(Beginning of RECORDED DATA)

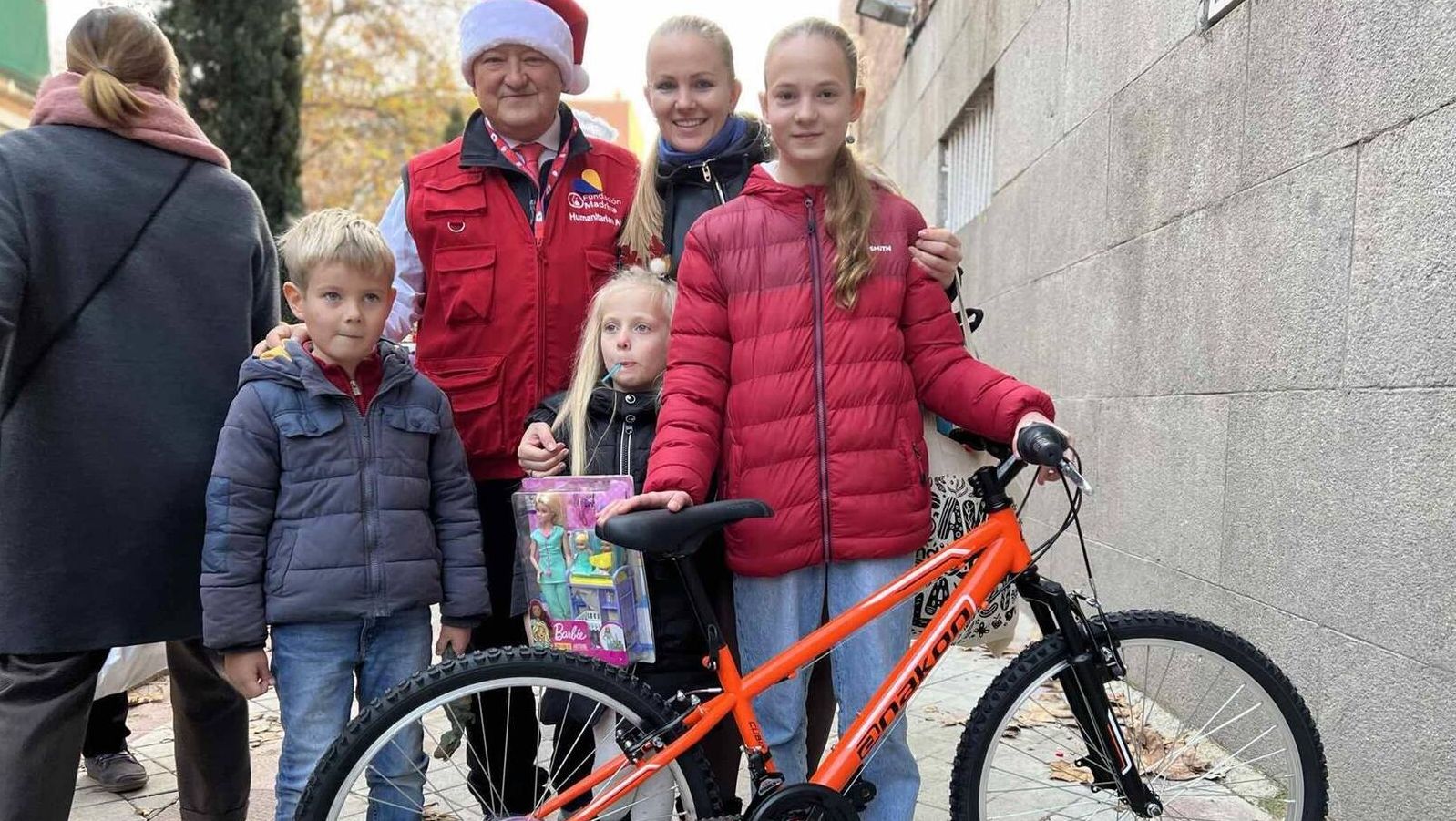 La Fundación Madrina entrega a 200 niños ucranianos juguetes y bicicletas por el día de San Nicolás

(End of RECORDED DATA)
(Beginning of RECORDED DATA)

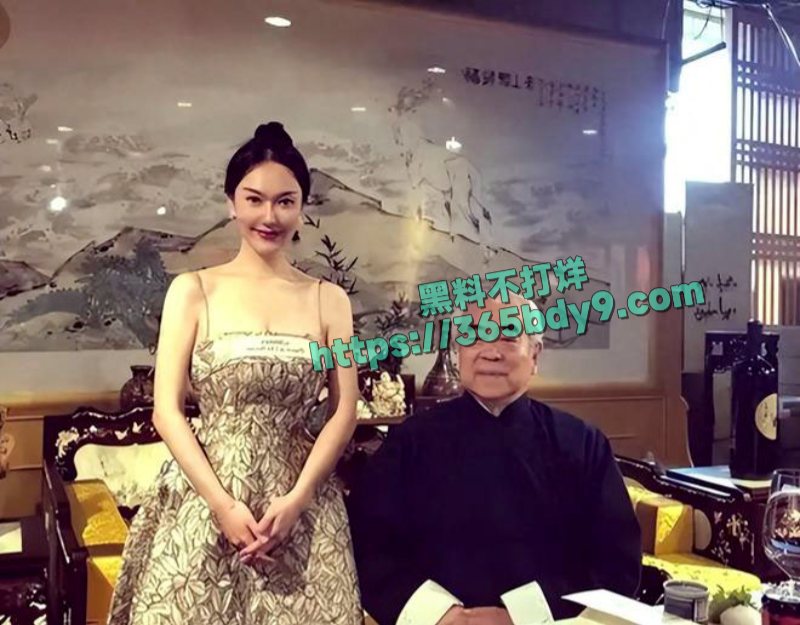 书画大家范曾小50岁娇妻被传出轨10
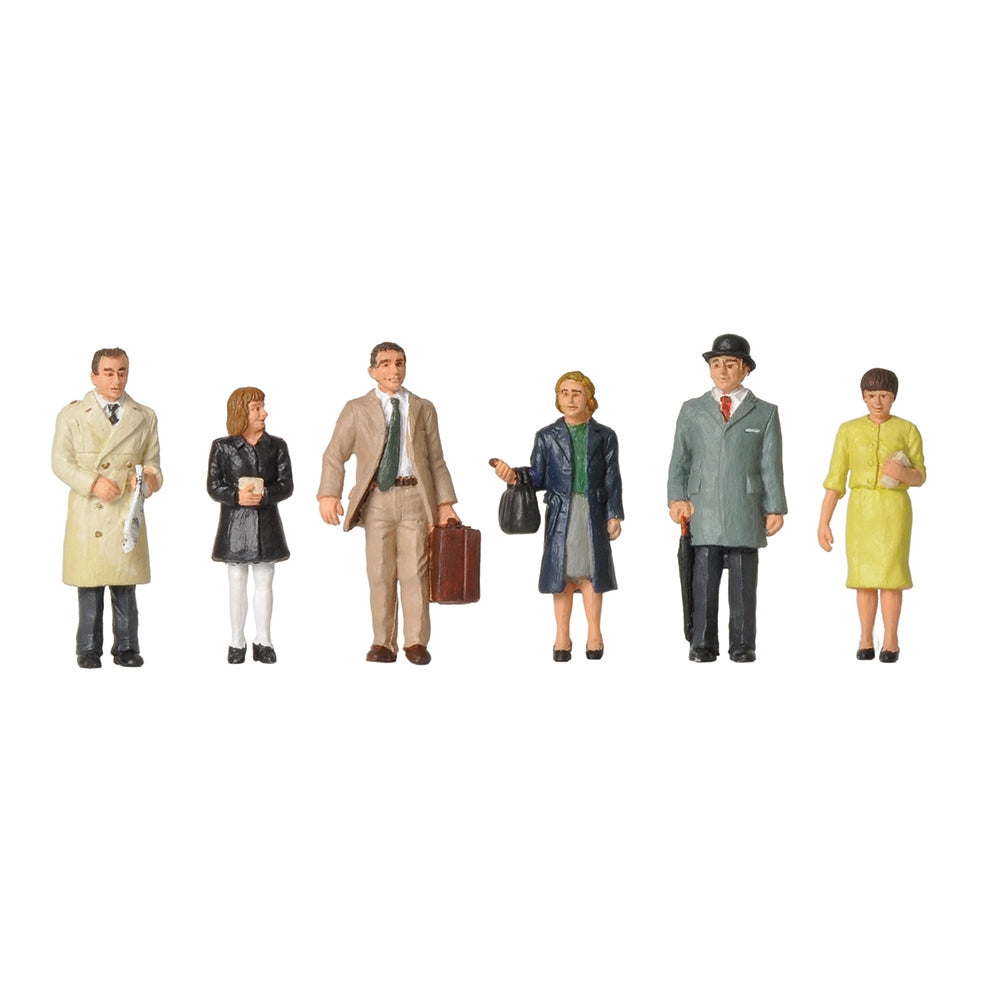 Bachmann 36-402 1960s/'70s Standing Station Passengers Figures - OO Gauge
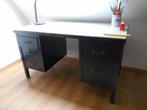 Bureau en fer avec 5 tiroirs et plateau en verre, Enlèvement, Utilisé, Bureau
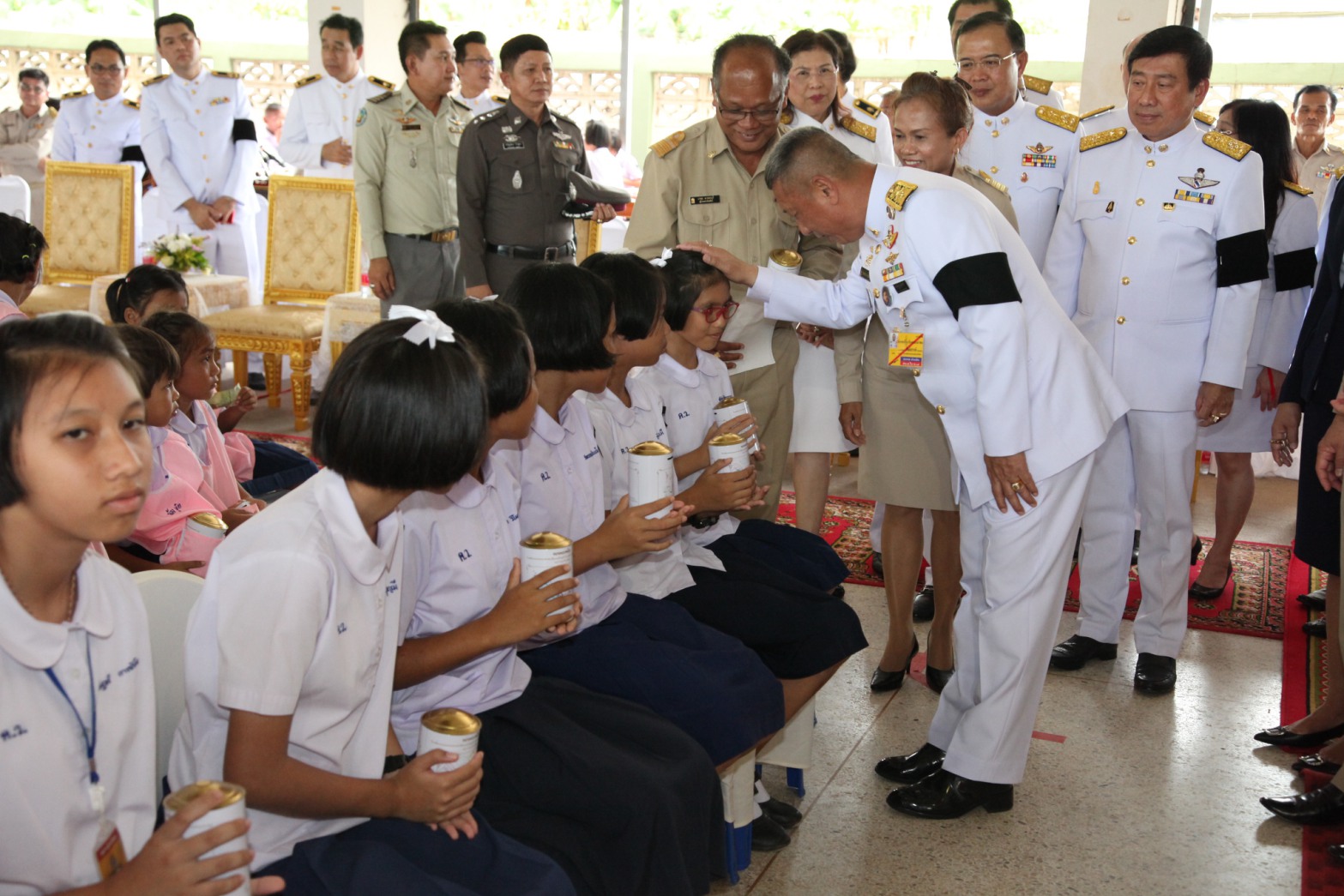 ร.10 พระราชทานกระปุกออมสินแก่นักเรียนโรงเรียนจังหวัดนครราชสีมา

(End of RECORDED DATA)

• **WHAT TO DO**
In the data above, find the line containing "Bureau en fer" and the line containing "ร.10 พระราชทาน". Copy exactly the stretch from the first through the second, both included, leaving out any picture.

• **EXPECTED ANSWER**
 Bureau en fer avec 5 tiroirs et plateau en verre, Enlèvement, Utilisé, Bureau
 ร.10 พระราชทานกระปุกออมสินแก่นักเรียนโรงเรียนจังหวัดนครราชสีมา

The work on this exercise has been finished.